__Activity__
Output exactly, in the material below, the lines from the one with "BiciSupport BSR50 Coppia" through the one with "New York Bread". Omit all pictures.

__Listed entries__

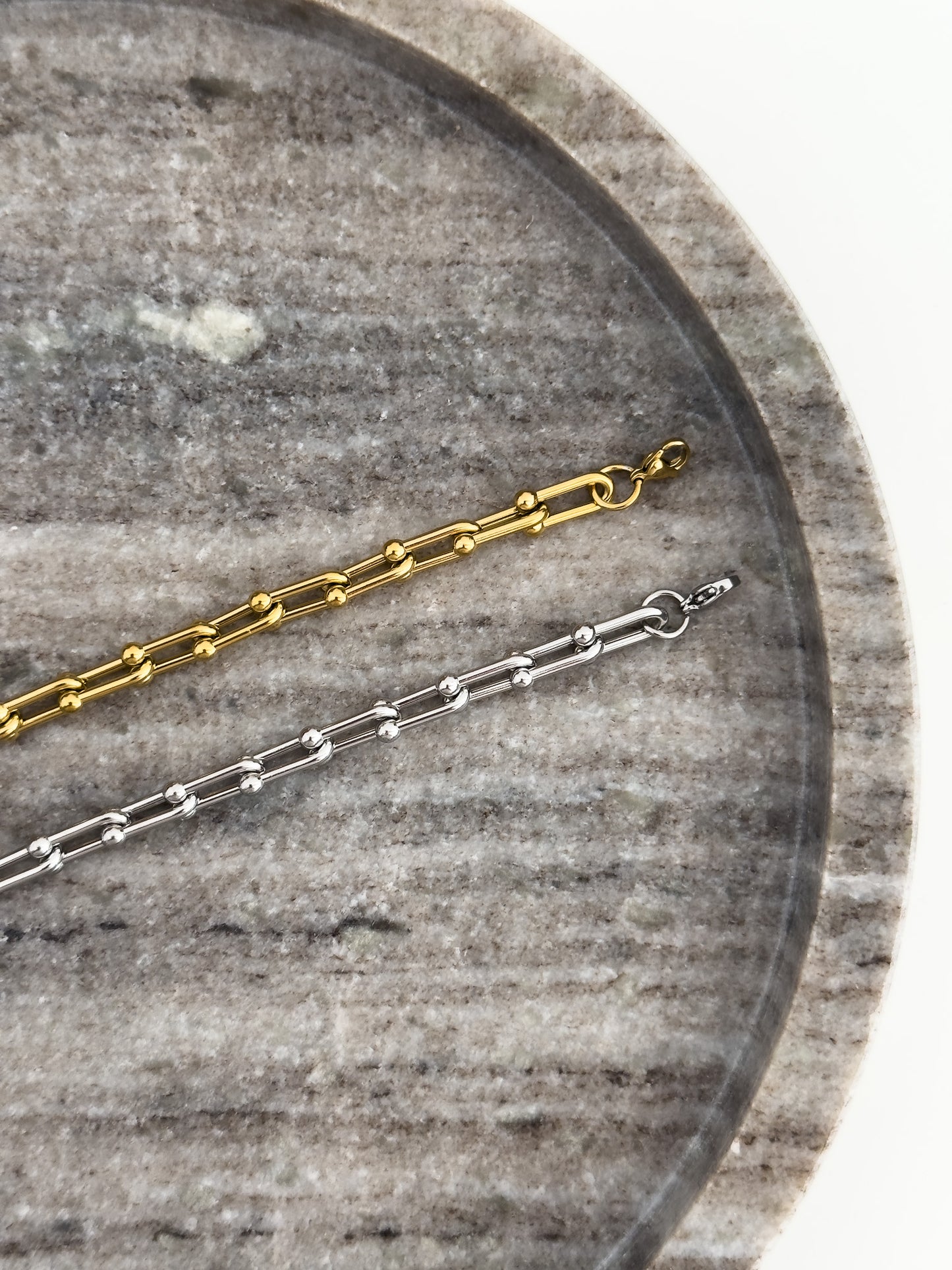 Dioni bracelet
--
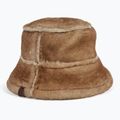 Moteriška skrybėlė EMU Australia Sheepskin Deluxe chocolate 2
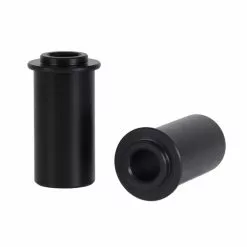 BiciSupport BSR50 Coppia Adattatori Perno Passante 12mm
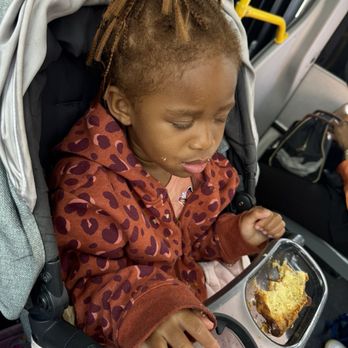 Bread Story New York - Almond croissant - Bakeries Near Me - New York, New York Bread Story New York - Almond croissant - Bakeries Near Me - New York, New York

__Completed task__
 BiciSupport BSR50 Coppia Adattatori Perno Passante 12mm
 Bread Story New York - Almond croissant - Bakeries Near Me - New York, New York Bread Story New York - Almond croissant - Bakeries Near Me - New York, New York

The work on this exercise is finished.